▶ [Exercise description]:
Please give back each line of the material unchanged, but without the images.

▶ [Collected material]:
------
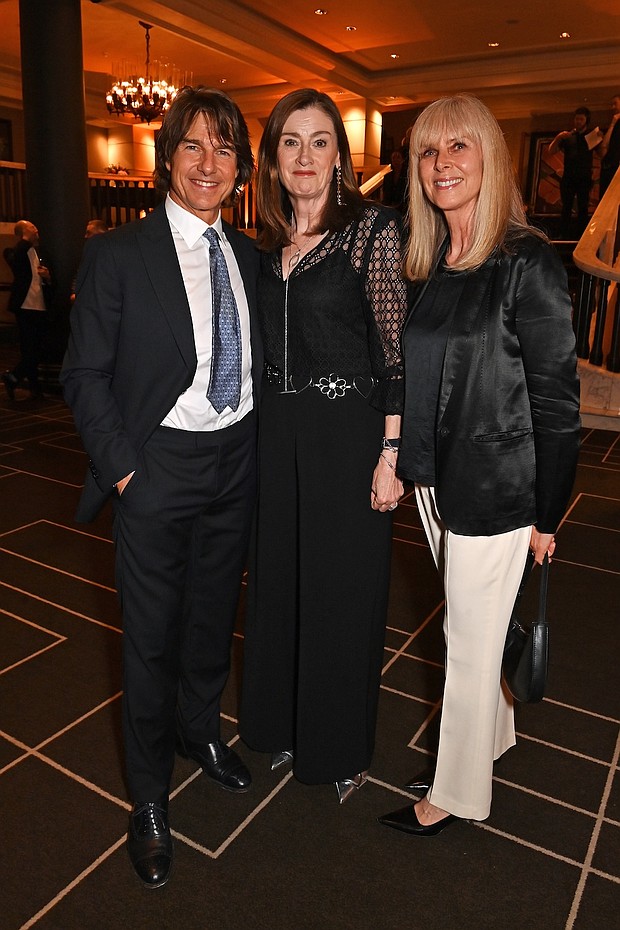LONDON, ENGLAND - MAY 12: (L to R) Tom Cruise, Chief Executive of BAFTA Amanda Berry and Maggie Todd attend the BFI Chair's dinner where Tom Cruise was awarded a BFI Fellowship at The Rosewood on May 12, 2025 in London, England. ..Photo by Dave Benett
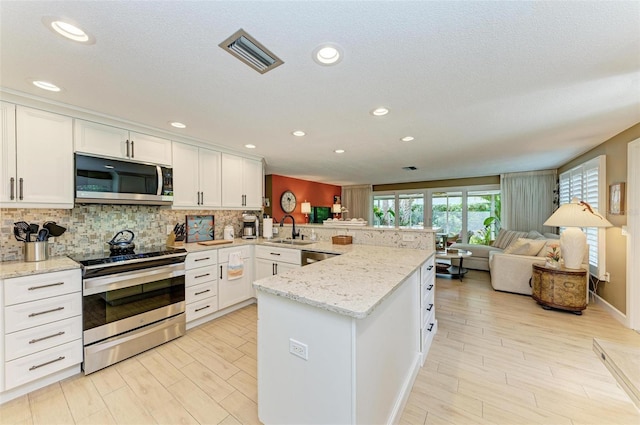 136 Crescent Dr, Anna Maria, FL 34216 - kitchen with visible vents, a sink, a peninsula, light wood finished floors, and stainless steel appliances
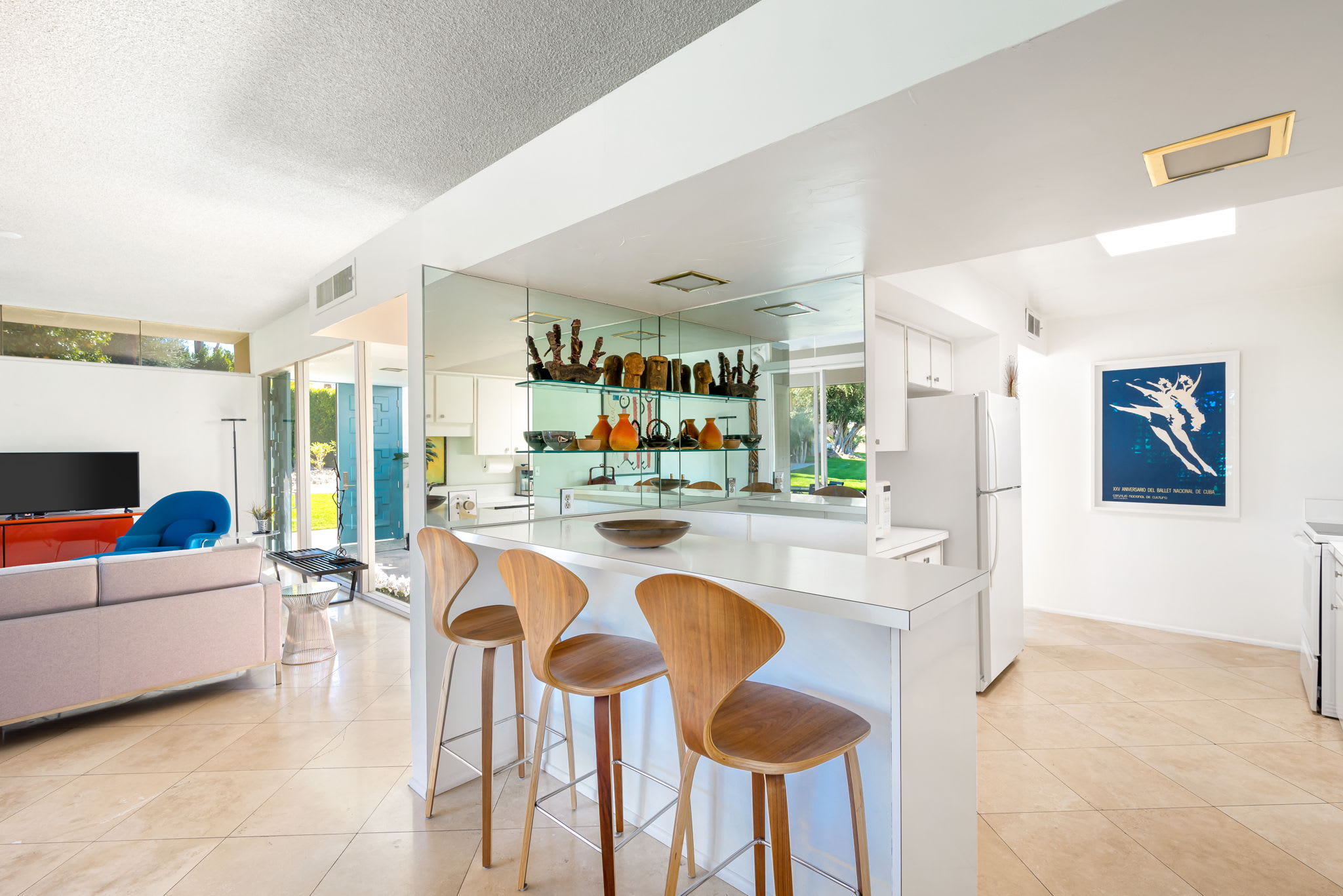 Open kitchen breakfast bar with stools adjoining the living area.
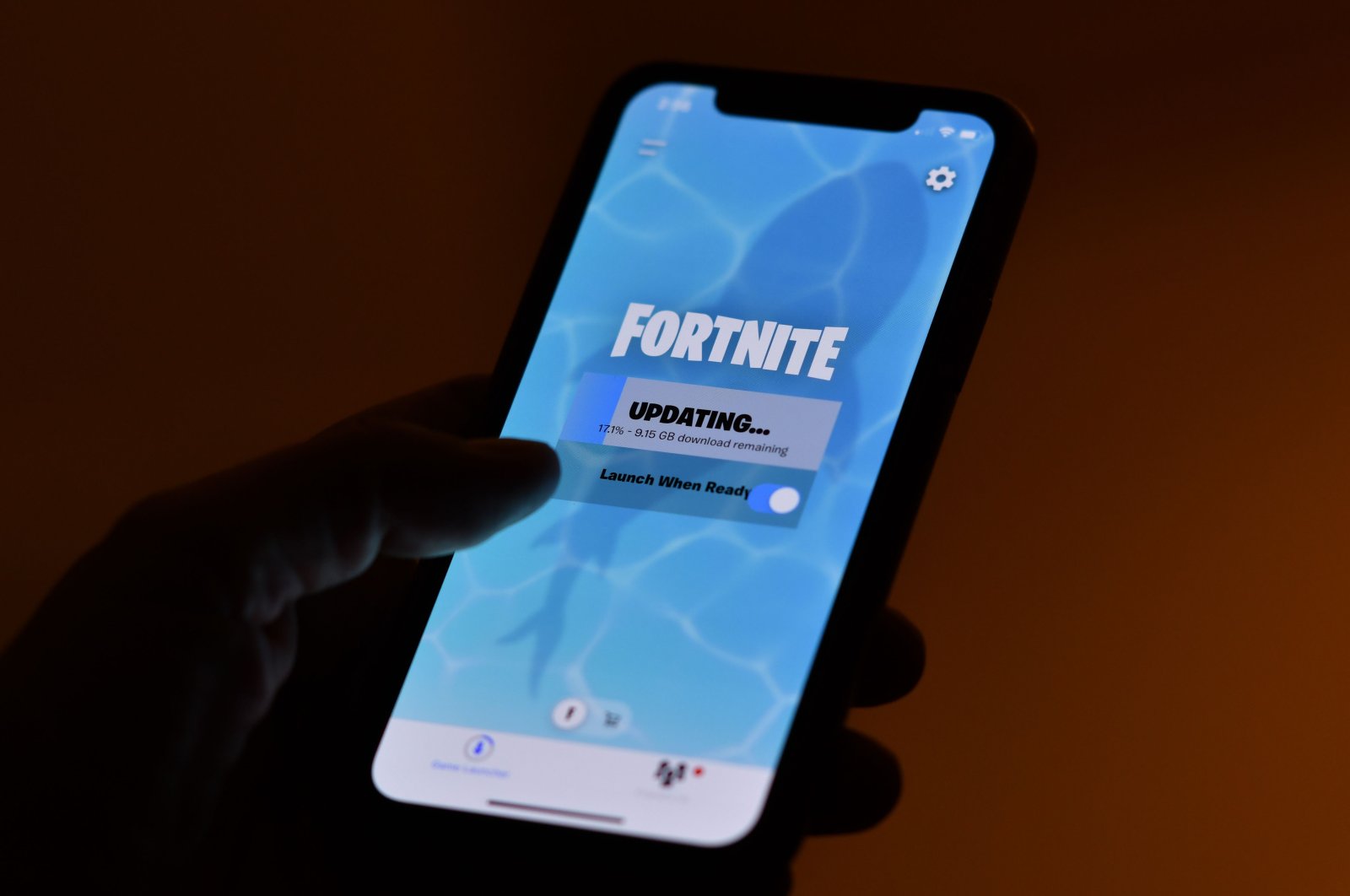 This illustration picture shows a person waiting for an update of Epic Games' Fortnite on their smartphone in Los Angeles on Aug. 14, 2020. (AFP Photo)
------
▶ [Exercise response]:
LONDON, ENGLAND - MAY 12: (L to R) Tom Cruise, Chief Executive of BAFTA Amanda Berry and Maggie Todd attend the BFI Chair's dinner where Tom Cruise was awarded a BFI Fellowship at The Rosewood on May 12, 2025 in London, England. ..Photo by Dave Benett
 136 Crescent Dr, Anna Maria, FL 34216 - kitchen with visible vents, a sink, a peninsula, light wood finished floors, and stainless steel appliances
 Open kitchen breakfast bar with stools adjoining the living area.
 This illustration picture shows a person waiting for an update of Epic Games' Fortnite on their smartphone in Los Angeles on Aug. 14, 2020. (AFP Photo)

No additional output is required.